I had the great good fortune of meeting James Baldwin in The White Horse Tavern in 1957 when I was starting out as a writer and Baldwin was one of my heroes. I recognized him from the photograph of his face that was on the cover of a new paperback of his first book of essays Notes of a Native Son, and there he was, in the flesh, having a beer. The “Autobiographical Notes” that introduced his book ended with a sentence that seemed to me like beacon, a guide: “I want to be an honest man and a good writer.”
One of the White Horse “regulars” introduced me to Jimmy (the name he called himself and wanted to be called by) and when I told him I was working on my first book, about Spanish Harlem (Island in the City), he invited me to join him, and later to come by his apartment on Horatio Street, where we talked, and drank bourbon and listened to Bessie Smith records. All that came back to me when I read his powerful essay “The Uses of the Blues” in The Cross of Redemption, a book that’s a treasure-house of his previously uncollected writing.
He tells us at the beginning of his essay on the blues that it “does not refer to music: I don’t know anything about music. It does refer to the experience of life, or the state of being, out of which the blues come.” He says he might have just as well titled his essay “The Uses of Anguish” or “The Uses of Pain.” The blues, he says, are about “work, love, death, floods, lynchings. . . ‘Facts of Life.’”
That is in fact what all of Baldwin’s stunning and resonant work is about, whether in novels like Go Tell It on the Mountain or book-length essays that awaken people to the reality of their society and where it’s headed as in The Fire Next Time, or on the stage, with “Blues for Mister Charlie” or in short stories such as “Sonny’s Blues.”

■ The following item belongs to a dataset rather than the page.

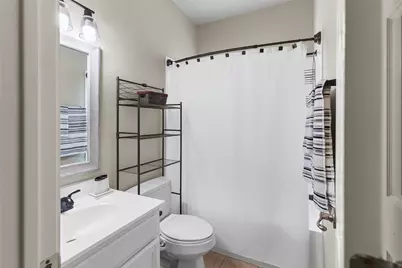 6914 Thorncliffe Drive, Austin, TX 78731 - Photo 24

The blues, he reminds us, began “on the auction block,” and are “rooted in the slave songs,” and all of us who are alive, no matter what our state or estate or lack of it, we are going to suffer. Hopefully, we will survive whatever pain is inflicted on us (or that we inflict on ourselves), and move on, in the spirit that Bessie Smith describes with such plain and gut-hitting words: “picked up my bag, baby, and I tried it again.”